这尊煞神揪着他的衣领把他拎起来和自己平视。
村长蹬蹬腿儿,战战兢兢,害怕多过面子受损的愤怒。
燕寨村,姥姥也凶,他敢可劲儿的折腾姥姥。燕士奇也凶,老头却不敢放肆了。
只因为他心里清楚姥姥是好人,不会对他一个老人家动手,何况还有求于自己。
眼前这个就不一样,村长是真的怕他把自己咔嚓了,没看他手里拎着把黑漆漆的刀么!
“我不尊老也不爱幼。”青年露出一个渗人的笑容,“不管是女人还是男人,是没牙的崽子还是牙齿掉光的糟老头子,都没什么区别。懂吗?”
不懂。
可村长老头还是急急忙忙点了头。
“很好。”燕士奇收了表情,放下老头低头俯视着他,“你刚才骂了人我该教训你,老胳膊老腿儿扛不住我拳头,就用别的抵吧。”
……
左手两只鸡,右手一只大白鹅,手腕上的绳子牵着的是头小猪,背篓里装着几十个鸡蛋,险些没压垮少年瘦巴巴的小身板。
走在回村的路上阿黄还懵得很,跟做梦似的不真实。
这不是明抢吗?他心里犯嘀咕。可燕大哥说这叫“赔偿”,因为人家骂他“贱命一条”、“死了活该”,侮辱他人……人格尊严啥的。

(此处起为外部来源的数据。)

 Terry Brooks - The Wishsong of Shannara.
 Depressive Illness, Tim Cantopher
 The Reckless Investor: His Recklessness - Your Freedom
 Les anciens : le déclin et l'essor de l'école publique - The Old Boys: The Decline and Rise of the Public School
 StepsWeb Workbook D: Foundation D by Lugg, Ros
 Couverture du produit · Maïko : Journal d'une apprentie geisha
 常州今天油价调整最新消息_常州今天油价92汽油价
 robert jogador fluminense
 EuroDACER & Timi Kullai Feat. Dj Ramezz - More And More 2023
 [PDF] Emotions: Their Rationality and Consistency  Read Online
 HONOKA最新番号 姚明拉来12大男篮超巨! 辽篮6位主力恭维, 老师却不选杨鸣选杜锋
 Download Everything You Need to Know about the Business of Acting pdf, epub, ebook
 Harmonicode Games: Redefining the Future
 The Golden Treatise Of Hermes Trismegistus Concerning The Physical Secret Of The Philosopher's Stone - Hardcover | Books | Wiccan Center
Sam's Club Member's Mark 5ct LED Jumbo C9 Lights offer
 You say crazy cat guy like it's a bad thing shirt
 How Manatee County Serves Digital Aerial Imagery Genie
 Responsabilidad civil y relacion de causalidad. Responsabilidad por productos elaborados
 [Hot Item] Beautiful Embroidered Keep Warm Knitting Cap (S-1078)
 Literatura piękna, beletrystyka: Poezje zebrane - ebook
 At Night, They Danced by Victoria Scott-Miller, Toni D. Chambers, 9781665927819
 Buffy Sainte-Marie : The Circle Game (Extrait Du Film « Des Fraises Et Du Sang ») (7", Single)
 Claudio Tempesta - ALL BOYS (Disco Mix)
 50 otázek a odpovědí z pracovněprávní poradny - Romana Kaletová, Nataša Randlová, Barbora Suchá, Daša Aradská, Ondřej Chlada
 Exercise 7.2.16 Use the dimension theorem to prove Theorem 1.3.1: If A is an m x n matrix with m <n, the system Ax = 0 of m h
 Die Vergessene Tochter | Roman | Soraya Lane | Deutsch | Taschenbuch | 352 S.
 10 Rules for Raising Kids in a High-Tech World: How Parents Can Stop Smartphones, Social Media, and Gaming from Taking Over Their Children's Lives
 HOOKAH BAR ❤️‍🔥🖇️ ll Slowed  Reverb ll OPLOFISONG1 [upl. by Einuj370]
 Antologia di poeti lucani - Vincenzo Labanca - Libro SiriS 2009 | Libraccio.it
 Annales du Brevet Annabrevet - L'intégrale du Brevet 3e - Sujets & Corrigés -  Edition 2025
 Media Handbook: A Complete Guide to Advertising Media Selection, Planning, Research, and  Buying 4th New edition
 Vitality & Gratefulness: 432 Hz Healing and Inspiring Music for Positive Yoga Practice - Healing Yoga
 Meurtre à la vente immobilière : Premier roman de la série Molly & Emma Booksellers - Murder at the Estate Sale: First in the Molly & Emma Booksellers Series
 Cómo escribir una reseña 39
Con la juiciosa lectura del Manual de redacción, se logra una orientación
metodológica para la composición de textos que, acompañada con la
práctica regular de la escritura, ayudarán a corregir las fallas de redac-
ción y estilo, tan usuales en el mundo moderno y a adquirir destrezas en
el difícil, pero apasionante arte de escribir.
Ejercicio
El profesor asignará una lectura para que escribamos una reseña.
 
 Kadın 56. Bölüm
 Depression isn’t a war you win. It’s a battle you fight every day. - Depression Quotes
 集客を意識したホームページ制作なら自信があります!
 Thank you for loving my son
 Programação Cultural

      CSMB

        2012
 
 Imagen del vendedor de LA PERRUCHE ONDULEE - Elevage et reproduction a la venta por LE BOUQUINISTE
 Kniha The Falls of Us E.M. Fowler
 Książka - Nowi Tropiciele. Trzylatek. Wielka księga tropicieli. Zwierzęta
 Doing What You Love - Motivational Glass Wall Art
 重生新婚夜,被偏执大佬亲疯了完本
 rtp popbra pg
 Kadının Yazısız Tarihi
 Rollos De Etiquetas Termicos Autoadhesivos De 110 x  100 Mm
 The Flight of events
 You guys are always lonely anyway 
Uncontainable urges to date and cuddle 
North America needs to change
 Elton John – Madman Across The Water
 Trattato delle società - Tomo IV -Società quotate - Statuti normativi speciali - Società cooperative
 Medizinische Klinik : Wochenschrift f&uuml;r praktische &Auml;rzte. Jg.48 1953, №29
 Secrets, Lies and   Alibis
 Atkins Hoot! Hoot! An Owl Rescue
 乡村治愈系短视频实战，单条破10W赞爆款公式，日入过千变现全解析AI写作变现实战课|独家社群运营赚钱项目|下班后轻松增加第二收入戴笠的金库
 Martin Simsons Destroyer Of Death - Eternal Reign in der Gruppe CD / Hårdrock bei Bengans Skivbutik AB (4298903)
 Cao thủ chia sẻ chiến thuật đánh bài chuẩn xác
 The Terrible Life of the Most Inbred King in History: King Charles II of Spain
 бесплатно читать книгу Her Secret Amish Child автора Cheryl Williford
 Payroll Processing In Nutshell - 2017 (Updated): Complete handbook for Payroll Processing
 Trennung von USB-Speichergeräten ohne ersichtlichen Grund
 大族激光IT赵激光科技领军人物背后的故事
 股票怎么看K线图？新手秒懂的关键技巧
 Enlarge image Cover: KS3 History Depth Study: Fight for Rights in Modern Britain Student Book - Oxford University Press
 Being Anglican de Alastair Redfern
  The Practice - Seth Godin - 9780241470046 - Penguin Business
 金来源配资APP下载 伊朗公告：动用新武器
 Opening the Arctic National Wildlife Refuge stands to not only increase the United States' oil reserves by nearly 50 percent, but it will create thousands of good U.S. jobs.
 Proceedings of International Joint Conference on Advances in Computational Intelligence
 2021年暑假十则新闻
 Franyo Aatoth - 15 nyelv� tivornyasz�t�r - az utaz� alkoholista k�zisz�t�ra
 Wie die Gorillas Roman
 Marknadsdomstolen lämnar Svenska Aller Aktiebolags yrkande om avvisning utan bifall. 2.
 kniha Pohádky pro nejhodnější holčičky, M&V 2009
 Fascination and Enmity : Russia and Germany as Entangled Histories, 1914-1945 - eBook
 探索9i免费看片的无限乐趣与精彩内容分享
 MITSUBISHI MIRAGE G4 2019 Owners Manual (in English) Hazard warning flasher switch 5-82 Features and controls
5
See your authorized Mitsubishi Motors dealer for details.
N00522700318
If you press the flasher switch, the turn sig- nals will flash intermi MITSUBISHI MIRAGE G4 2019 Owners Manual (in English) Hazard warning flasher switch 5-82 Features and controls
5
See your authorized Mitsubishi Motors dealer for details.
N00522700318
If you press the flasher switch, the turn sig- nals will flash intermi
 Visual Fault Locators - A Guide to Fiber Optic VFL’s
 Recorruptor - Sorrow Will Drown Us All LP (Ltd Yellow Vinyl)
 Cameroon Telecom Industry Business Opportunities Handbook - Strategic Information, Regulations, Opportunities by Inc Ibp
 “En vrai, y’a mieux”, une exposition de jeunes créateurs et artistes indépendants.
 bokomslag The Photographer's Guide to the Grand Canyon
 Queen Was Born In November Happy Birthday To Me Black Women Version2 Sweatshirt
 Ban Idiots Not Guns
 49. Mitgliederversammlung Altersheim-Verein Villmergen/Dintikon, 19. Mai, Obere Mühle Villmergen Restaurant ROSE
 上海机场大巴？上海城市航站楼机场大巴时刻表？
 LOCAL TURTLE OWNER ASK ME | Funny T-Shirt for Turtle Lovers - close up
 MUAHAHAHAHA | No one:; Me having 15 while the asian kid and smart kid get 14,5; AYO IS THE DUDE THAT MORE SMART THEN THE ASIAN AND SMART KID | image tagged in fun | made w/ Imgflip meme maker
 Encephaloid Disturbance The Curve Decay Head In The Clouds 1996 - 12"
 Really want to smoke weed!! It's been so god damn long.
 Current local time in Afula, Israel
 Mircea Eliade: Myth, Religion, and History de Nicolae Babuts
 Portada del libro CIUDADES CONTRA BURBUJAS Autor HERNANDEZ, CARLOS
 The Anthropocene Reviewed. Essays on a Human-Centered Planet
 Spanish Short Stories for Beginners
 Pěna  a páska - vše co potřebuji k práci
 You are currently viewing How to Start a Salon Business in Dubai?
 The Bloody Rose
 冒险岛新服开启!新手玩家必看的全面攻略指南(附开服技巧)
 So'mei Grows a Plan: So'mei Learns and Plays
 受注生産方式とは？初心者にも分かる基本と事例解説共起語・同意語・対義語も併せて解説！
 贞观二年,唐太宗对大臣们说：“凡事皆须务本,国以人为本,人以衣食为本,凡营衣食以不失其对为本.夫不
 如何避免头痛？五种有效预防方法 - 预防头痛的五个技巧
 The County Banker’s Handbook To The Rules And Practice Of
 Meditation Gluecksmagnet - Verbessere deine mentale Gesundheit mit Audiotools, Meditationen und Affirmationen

“算啦。”他两只眼睛亮晶晶,闪着小星星,“反正燕大哥最厉害了!”
送走阿黄,燕士奇问村长:“姥姥去哪儿了?”
村长眼珠子不老实的转动,不经意的一瞥,和燕士奇的视线对上,心里打了个突,含含糊糊的说:“似乎是进山去了。”
他说话时目光闪烁,总是忍不住往某个方向瞄,燕士奇顺着他的目光看到不远处横陈路边的一棵树。
燕士奇早就留意到了这棵树,它放在村长家外面,树叶都还是新鲜的绿色,切面颜色很新,刚砍下来没多久。
除了这棵树,村长家院子里还有一头被稻草胡乱盖着的野猪,已经死了,身上几处血淋淋的大口子。
燕士奇进村长家搜刮,不,挑选赔偿时粗略观察过,伤口是斧子造成,并且都是出自同一人之手。
也就是说有个人单打独斗干掉了这头成年野猪。
要不是时机不对,燕士奇还真想会会这个人。任何强者他都有兴趣。
“哪座山?”燕士奇提高声音,把分神的村长吓了一跳。
村长脸上闪过一抹慌乱,眼神更加躲闪,匆匆给燕士奇指了个方向:“好像是西边的那座。”
“知道了。”燕士奇不再多话,没有理会任何人,从村长指的方向离开村子,往山里找姥姥去。
等看不见他身影了,众人才觉得压在头顶的大山挪开,终于能喘口气。
“这煞……”刚开口,连忙往燕士奇离开的方向看了一眼,再开口时有意识的压低了声音,“这人谁啊?燕寨村的?怎么没见过。”
村长心中既有害怕又有不甘怨愤,他也想知道这尊煞神是打哪儿冒出来的!忽然瞧见右边路上去而复返的燕士奇,心再次提起来。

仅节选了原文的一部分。